The headline finding is that salary growth remained positive, but moderated. Average base pay rose 3.7% in 2025, compared with 3.9% in 2024. AFP said wage gains softened amid slowing economic growth in the second half of last year.

Incentive pay remained widespread. Two-thirds of organisations, at 66%, awarded bonus incentives to employees in 2025. Cash bonuses were by far the most common form, used by 88% of organisations awarding incentives, followed by stock-based incentives at 36%. That mix suggests employers are still trying to retain treasury and finance talent, but are doing so in ways that do not necessarily lock in higher fixed payroll costs. One-off awards can help reward performance or preserve retention while giving organisations more flexibility if growth slows or budgets tighten.

Compensation, however, is only part of the talent picture. The most frequently cited challenge for financial professionals was limited resources, named by 41% of respondents. AFP said this includes financial, personnel and managerial constraints. That finding is likely to resonate across treasury and finance functions, where teams are often being asked to manage more complex risk, controls, forecasting and technology projects without a matching increase in headcount or budget. If left unresolved, resource pressure can undermine the same functions businesses rely on for stability during periods of economic uncertainty.

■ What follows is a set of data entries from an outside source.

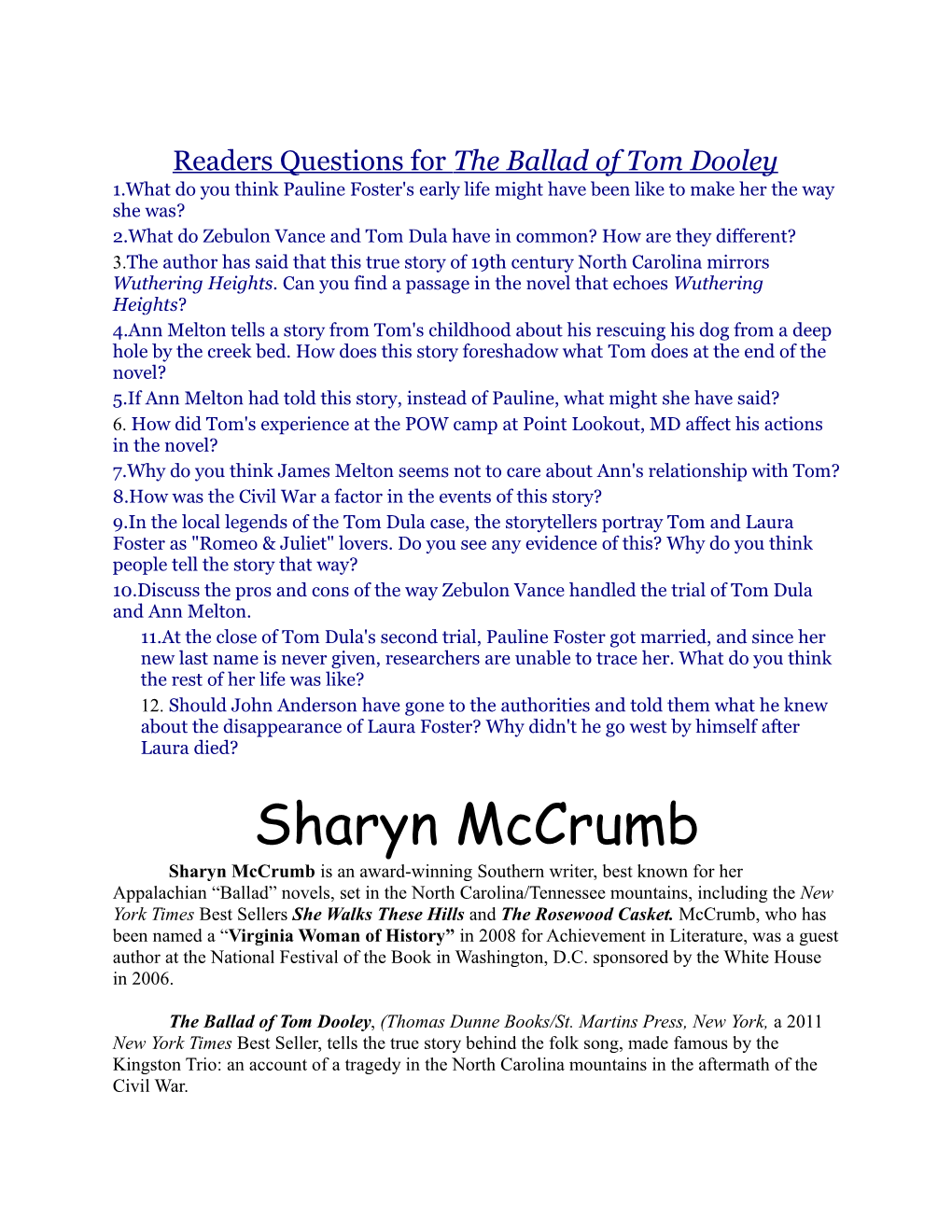 Readers Questions for the Ballad of Tom Dooley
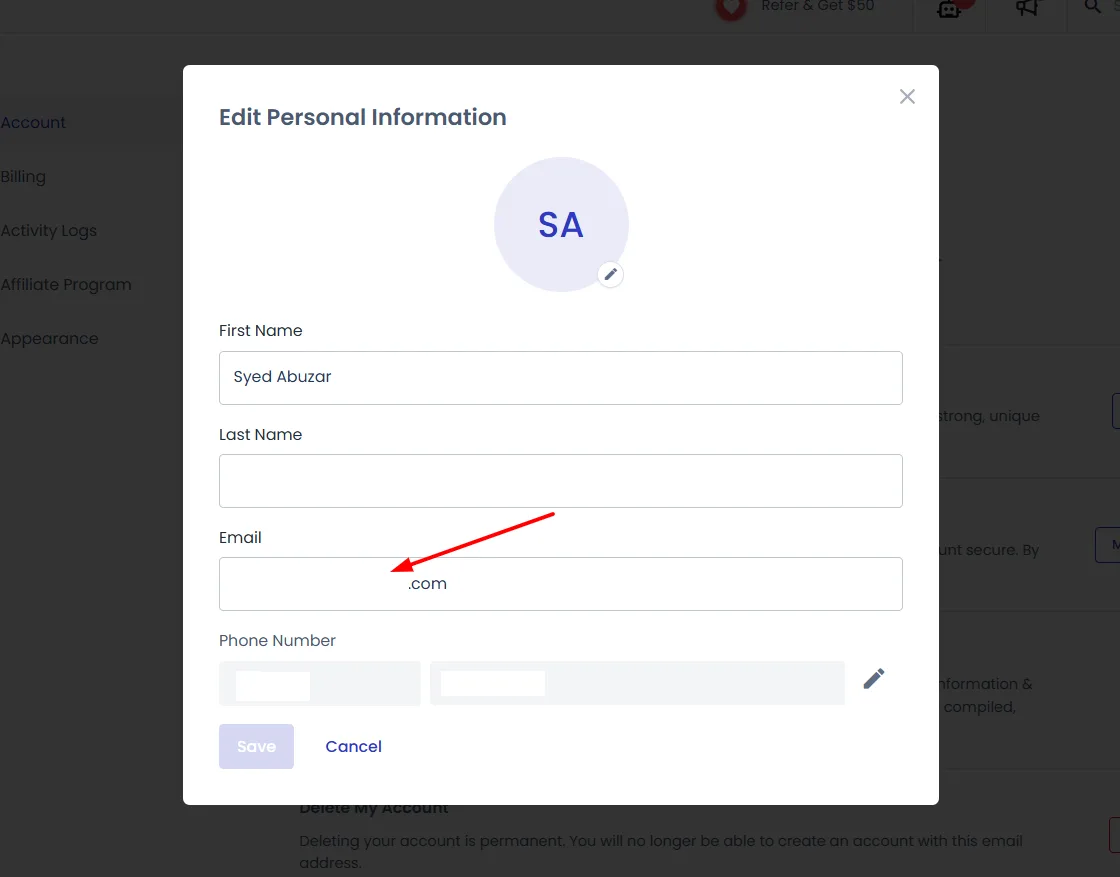 Edit Personal Information窗口:把Email一栏改成新邮箱,点击Save Cloudways账号管理:账号设置页功能说明,以及更换登录邮箱的步骤和限制(图 3)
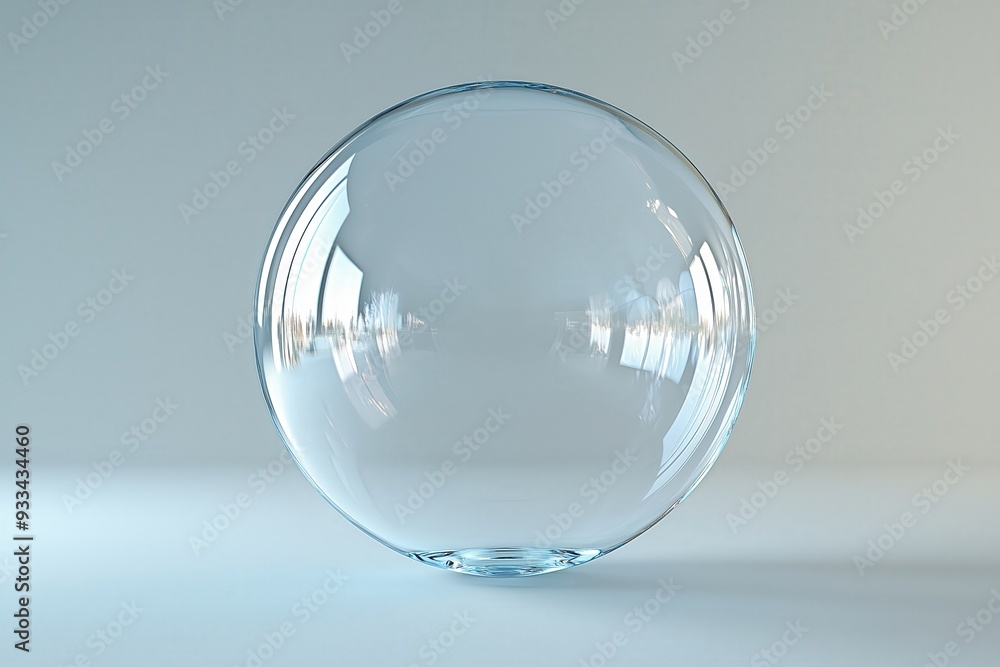Single floating bubble, crystal clear on white, 3D illustration. Copy space for text, No logo, No Trademark, No text Single floating bubble, crystal clear on white, 3D illustration. Copy space for text, No logo, No Trademark, No text
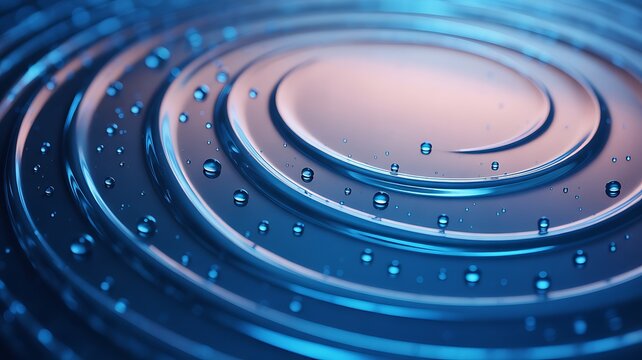 Abstract Circular Digital Waves with Glowing Particles Technology Background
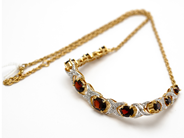 Pawnitems, Neck jewllery in gilt silver 925/1000 with stones 46cm 20,2g, in auction: Pawn – Tuesday 31 July 2012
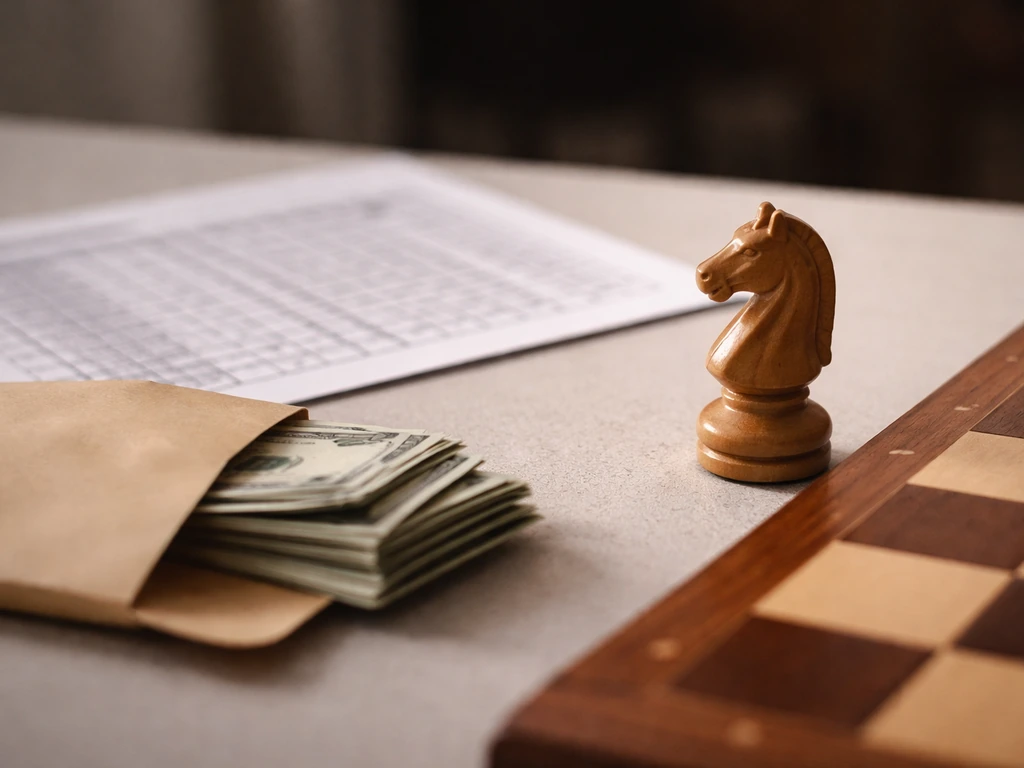 Close-up of chess pieces beside a blurred tournament crosstable print and a cash envelope on a table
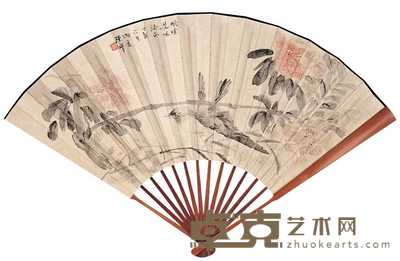 陈摩等 花鸟图 成扇 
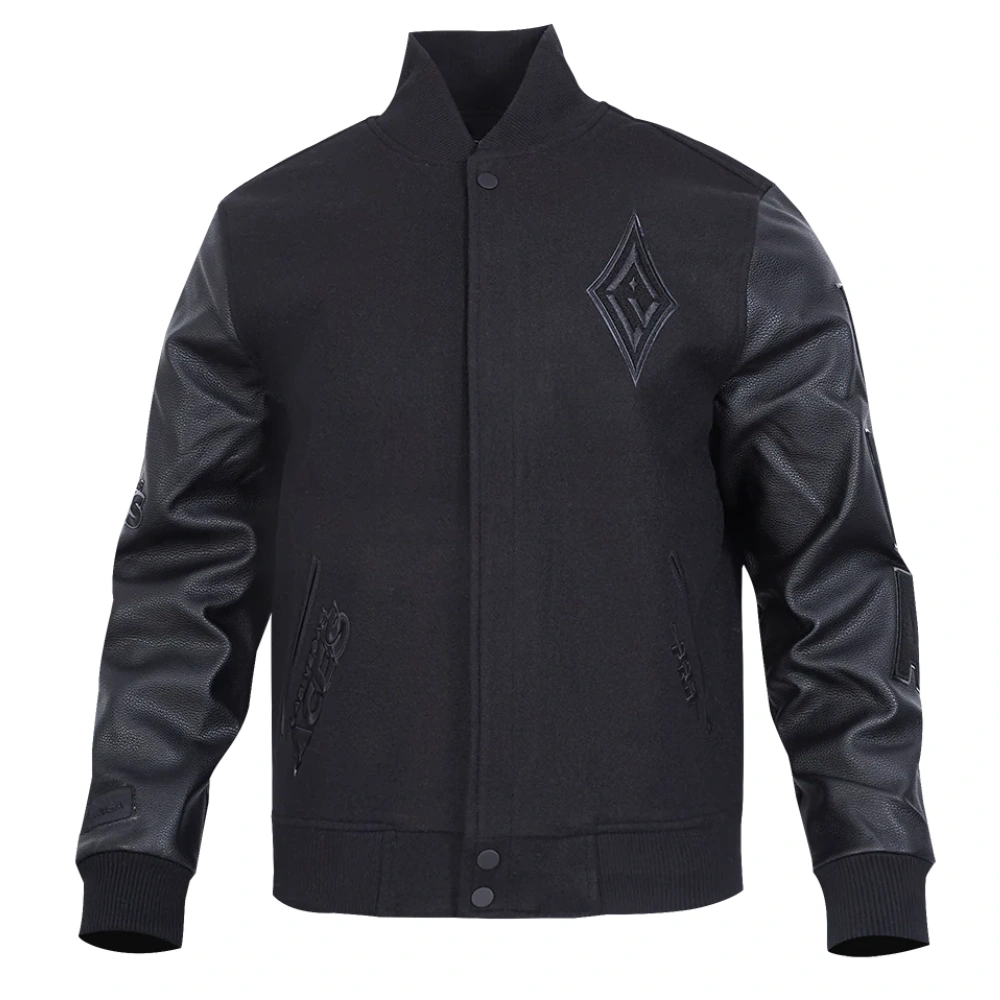 Las Vegas Aces Triple Black Wool & Leather Varsity Black Jacket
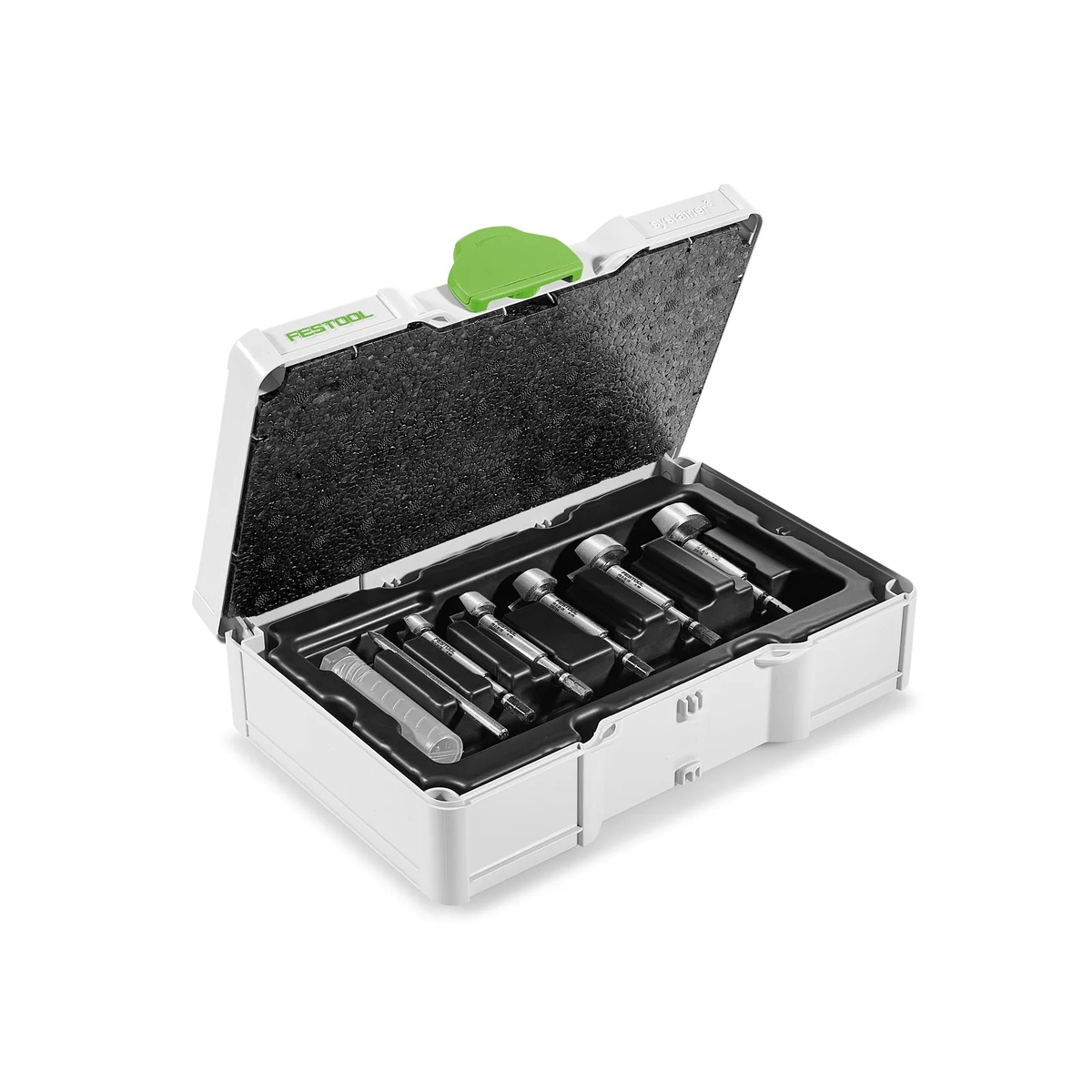 Festool 578110 Forstner Drill Bit Set SYS3 S 76-FB CE-SORT/5 open case showing organized Forstner bits, centering bit, and punch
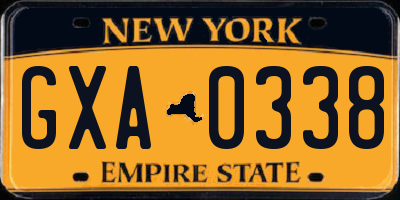 NY license plate GXA0338
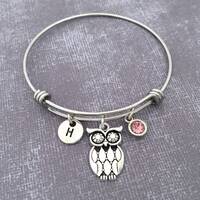 Owl Bangle Bracelet, Owl Charm Bracelet, Owl Charm Jewelry, Initial Bangle, Personalized Owl Gift, O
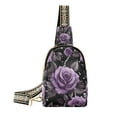 thumbnail image 1 of FORMRS Womens Crossbody Sling Bag Travel Daypack Shoulder Chest Backpack, Black Roses, 1 of 7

AI is adding another layer of ambiguity. Nearly half of respondents, at 48%, were significantly uncertain or ambivalent about whether AI will create career opportunities in treasury and finance. Their concerns included the potential reduction of new and entry-level roles as AI automates foundational tasks, scepticism over AI’s long-term value, and worries that automation could remove opportunities for employees to learn the fundamentals needed for career progression.

“To retain treasury and finance talent, organisations must address resource constraints and concerns about AI’s impact on career progression,” said Mariam Lamech, director of survey research at AFP. “By clarifying how AI can augment - rather than replace - human expertise, organisations can alleviate pressure caused by limited resources and help their teams feel empowered by their tools.”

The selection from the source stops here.